### Instructions for the task
When the line with "Pendant Light Glass" comes up, set it down and every later line to the end of the data, exactly and without pictures.

(Scraped caption text data)
━━━━━━
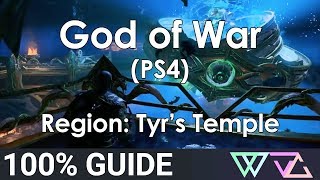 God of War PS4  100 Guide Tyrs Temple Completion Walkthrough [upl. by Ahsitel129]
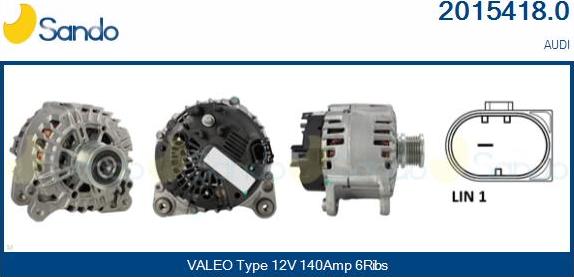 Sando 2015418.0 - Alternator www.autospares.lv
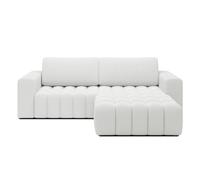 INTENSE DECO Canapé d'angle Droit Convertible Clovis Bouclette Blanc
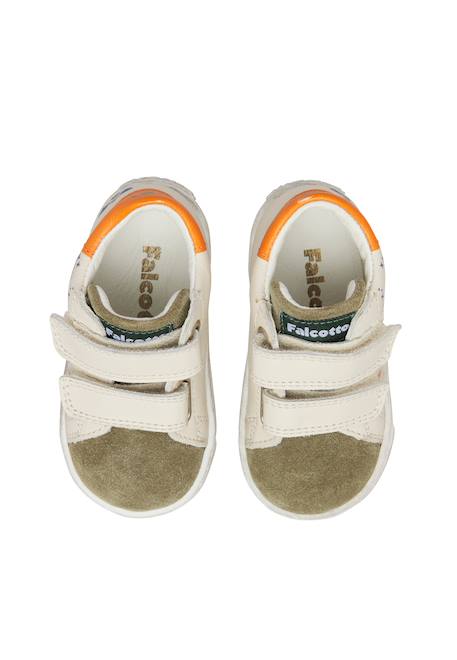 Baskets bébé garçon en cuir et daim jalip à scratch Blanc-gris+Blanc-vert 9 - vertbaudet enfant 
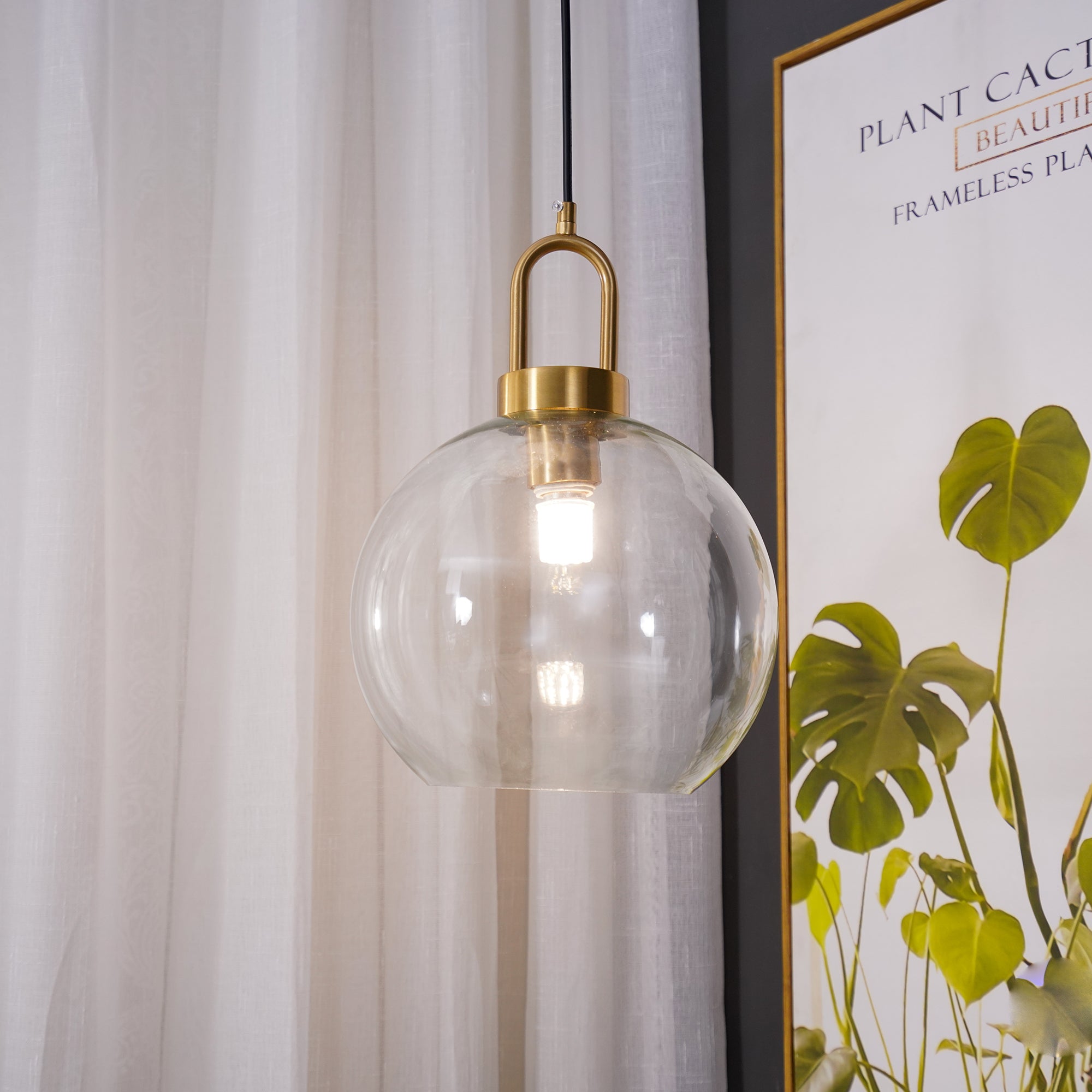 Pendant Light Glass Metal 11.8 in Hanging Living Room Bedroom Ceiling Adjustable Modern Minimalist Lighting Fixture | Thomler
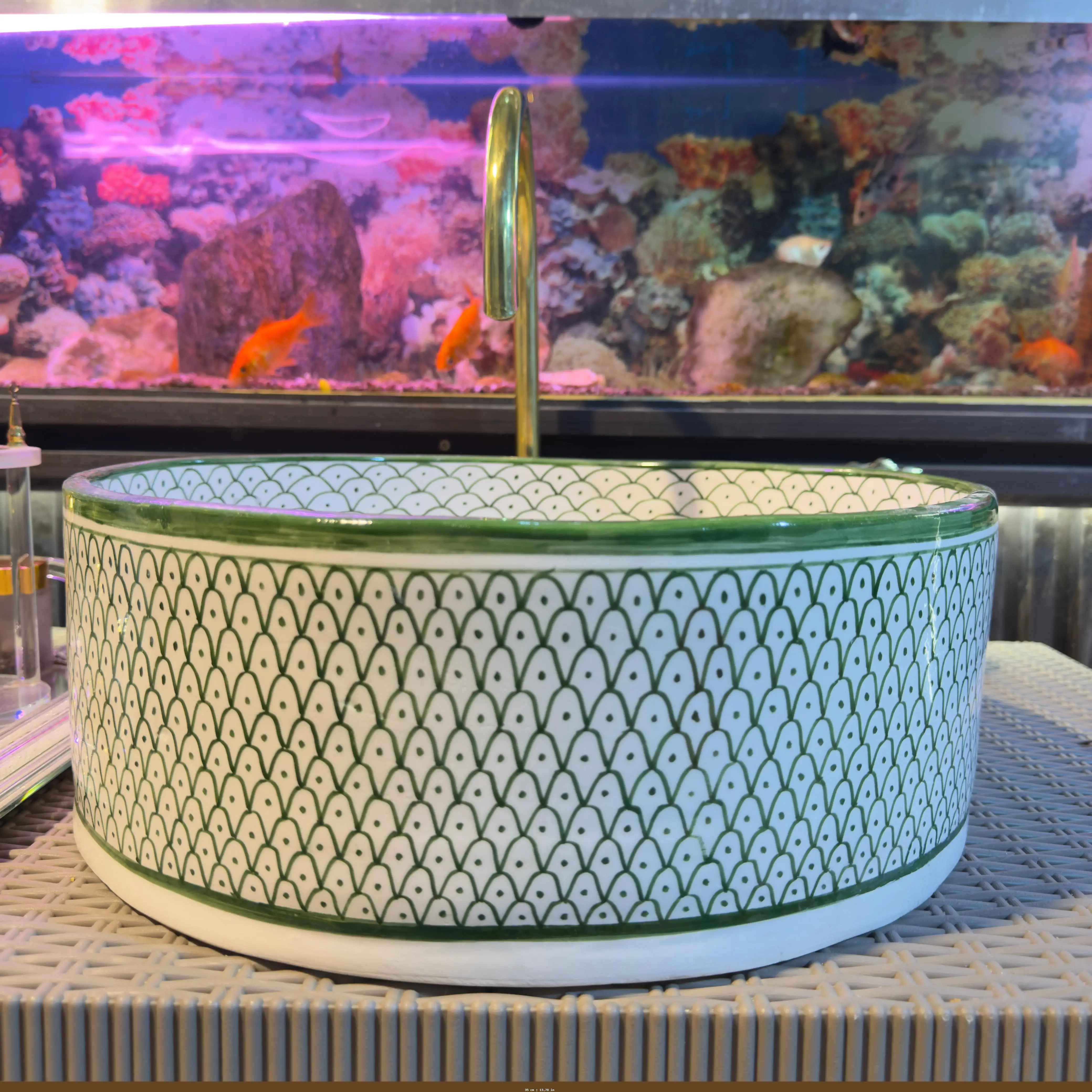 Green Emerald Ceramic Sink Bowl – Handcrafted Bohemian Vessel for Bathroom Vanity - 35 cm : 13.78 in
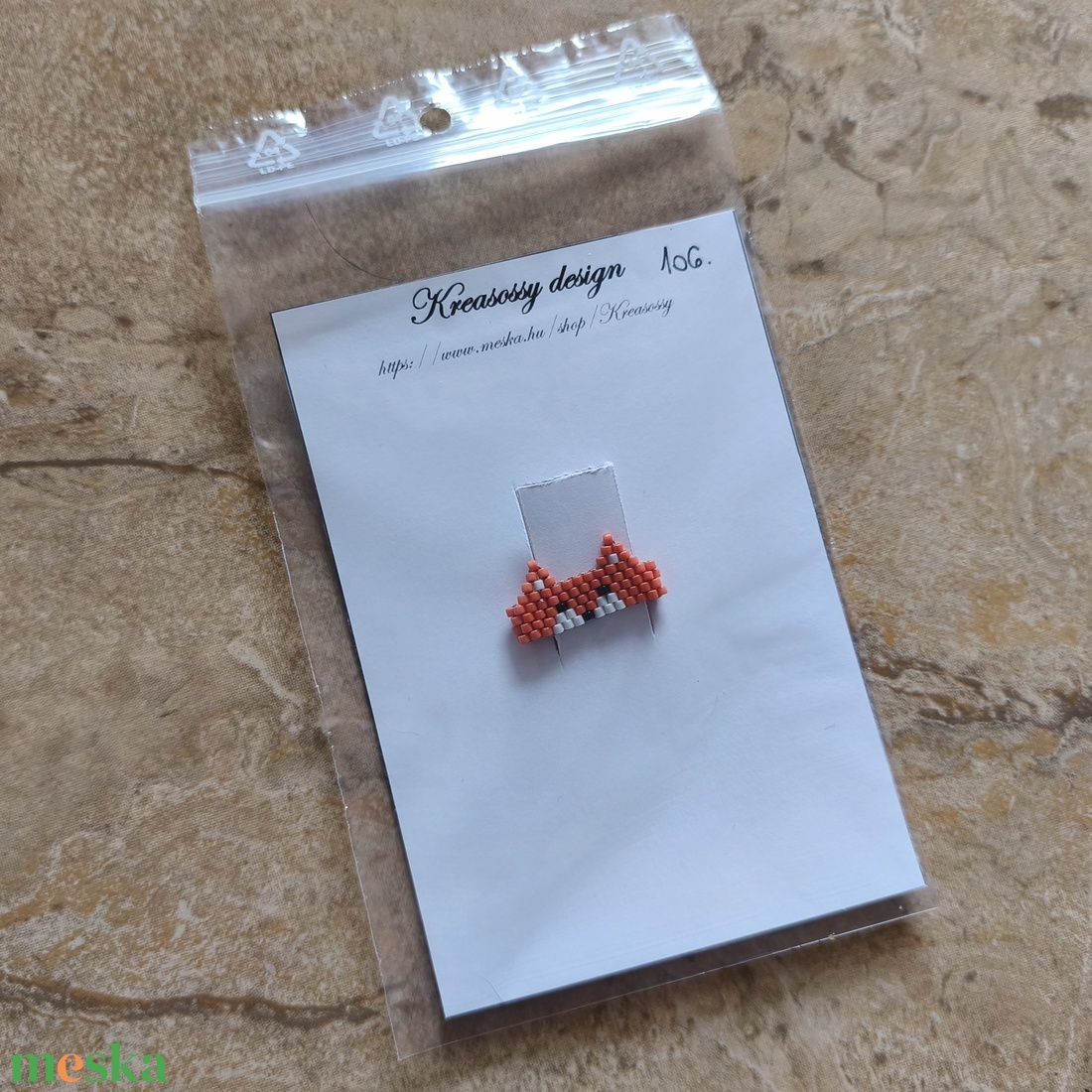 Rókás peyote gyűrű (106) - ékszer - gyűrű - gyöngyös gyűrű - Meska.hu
━━━━━━
### Your response
 Pendant Light Glass Metal 11.8 in Hanging Living Room Bedroom Ceiling Adjustable Modern Minimalist Lighting Fixture | Thomler
 Green Emerald Ceramic Sink Bowl – Handcrafted Bohemian Vessel for Bathroom Vanity - 35 cm : 13.78 in
 Rókás peyote gyűrű (106) - ékszer - gyűrű - gyöngyös gyűrű - Meska.hu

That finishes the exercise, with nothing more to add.